* **WHAT THE EXERCISE ASKS**:
Here are the records. Write out exactly the lines between the one holding "2020 Chevrolet Silverado" and the one holding "Caminhão desgovernado atinge", inclusive.
SUPPLIED ENTRIES below:
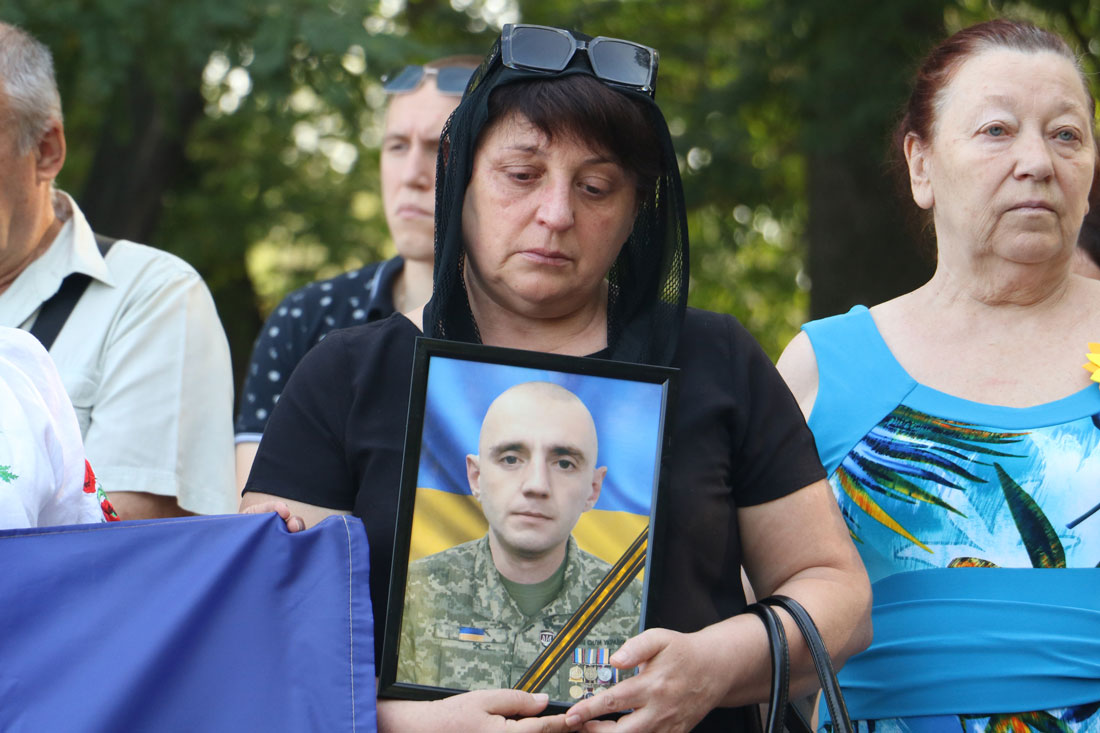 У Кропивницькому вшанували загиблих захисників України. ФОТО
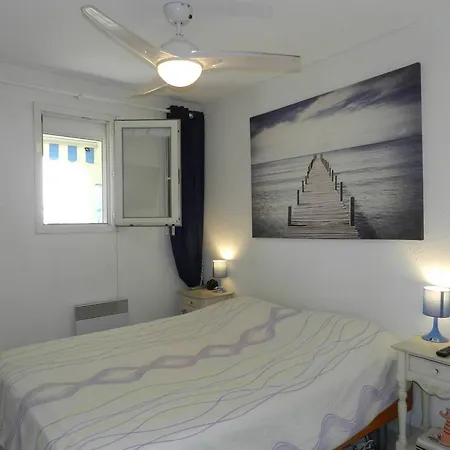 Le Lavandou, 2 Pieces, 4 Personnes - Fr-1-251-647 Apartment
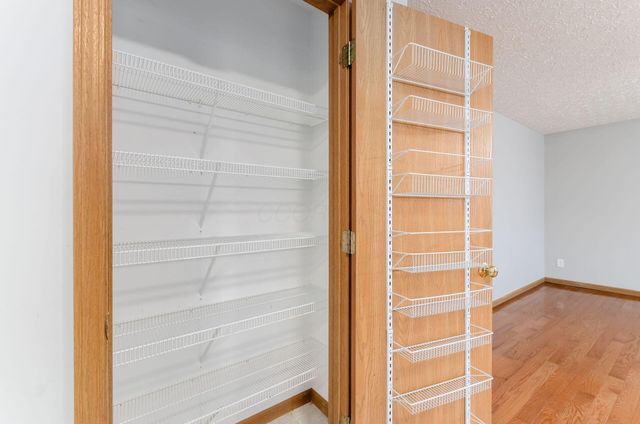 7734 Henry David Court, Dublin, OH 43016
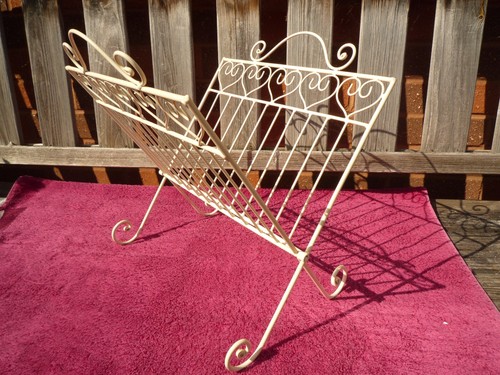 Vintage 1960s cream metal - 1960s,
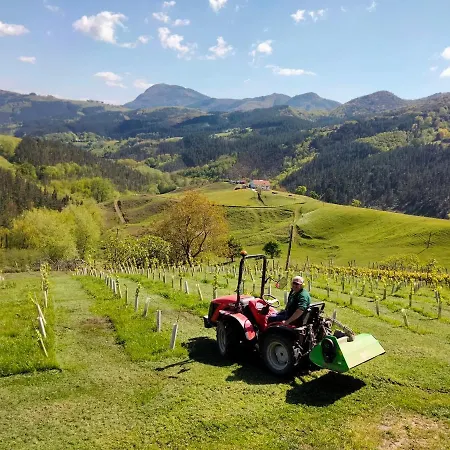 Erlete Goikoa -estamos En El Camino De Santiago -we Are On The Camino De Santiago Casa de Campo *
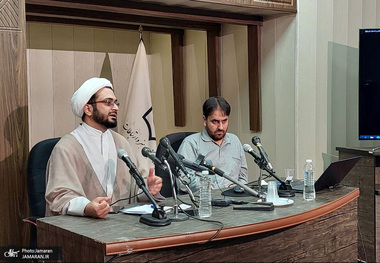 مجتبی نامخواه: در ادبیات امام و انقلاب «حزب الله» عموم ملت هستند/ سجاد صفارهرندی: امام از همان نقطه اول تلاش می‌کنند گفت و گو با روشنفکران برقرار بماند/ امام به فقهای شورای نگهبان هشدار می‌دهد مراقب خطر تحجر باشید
End of SUPPLIED ENTRIES.
SUPPLIED ENTRIES below:
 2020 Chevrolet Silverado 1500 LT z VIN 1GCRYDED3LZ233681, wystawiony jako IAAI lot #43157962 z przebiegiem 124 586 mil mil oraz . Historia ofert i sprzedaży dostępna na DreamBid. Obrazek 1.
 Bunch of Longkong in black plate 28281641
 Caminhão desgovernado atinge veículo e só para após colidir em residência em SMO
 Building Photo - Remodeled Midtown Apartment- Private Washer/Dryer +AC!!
End of SUPPLIED ENTRIES.
SUPPLIED ENTRIES below:
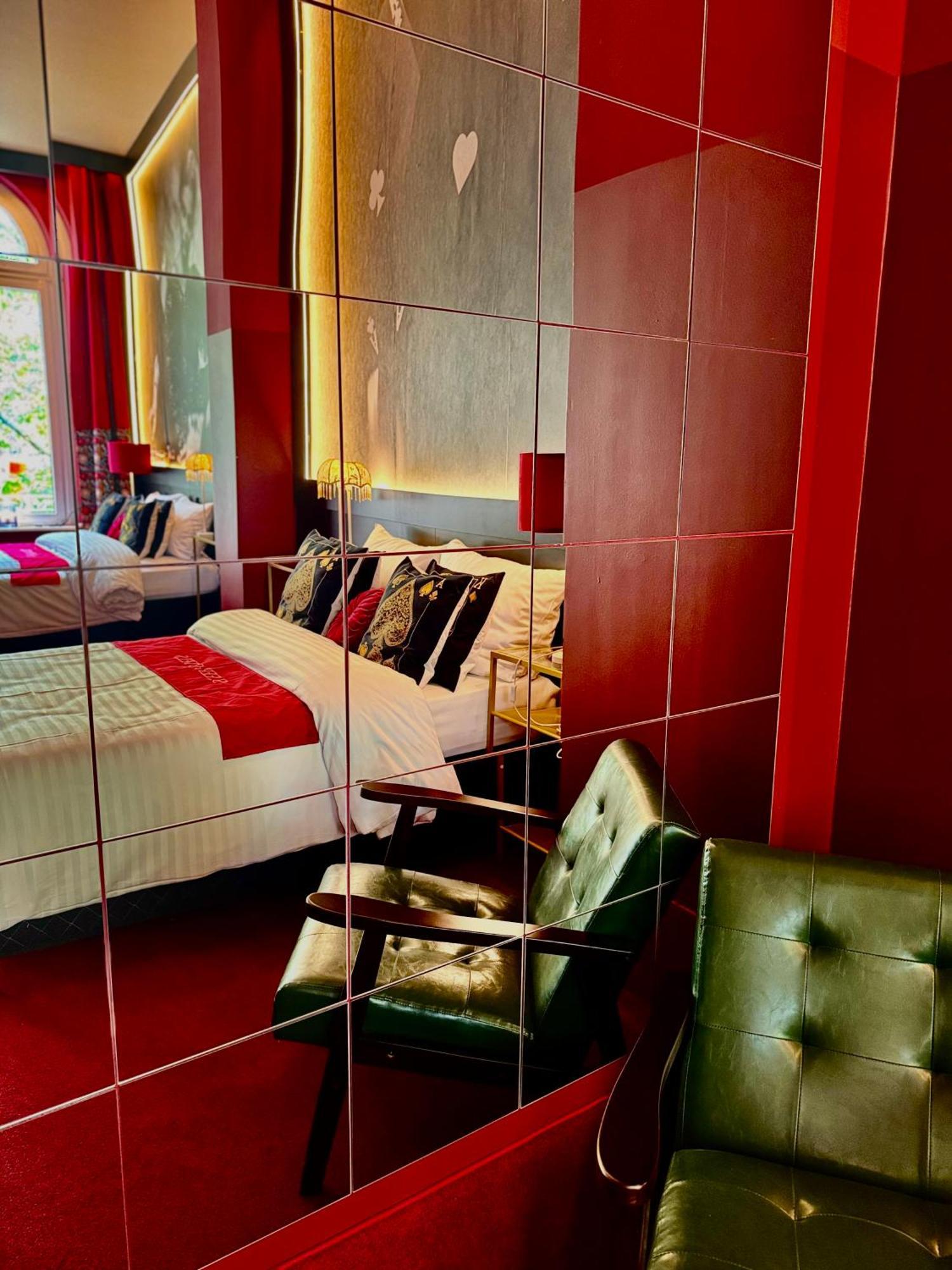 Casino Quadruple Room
End of SUPPLIED ENTRIES.
* **EXERCISE RESULT**:
 2020 Chevrolet Silverado 1500 LT z VIN 1GCRYDED3LZ233681, wystawiony jako IAAI lot #43157962 z przebiegiem 124 586 mil mil oraz . Historia ofert i sprzedaży dostępna na DreamBid. Obrazek 1.
 Bunch of Longkong in black plate 28281641
 Caminhão desgovernado atinge veículo e só para após colidir em residência em SMO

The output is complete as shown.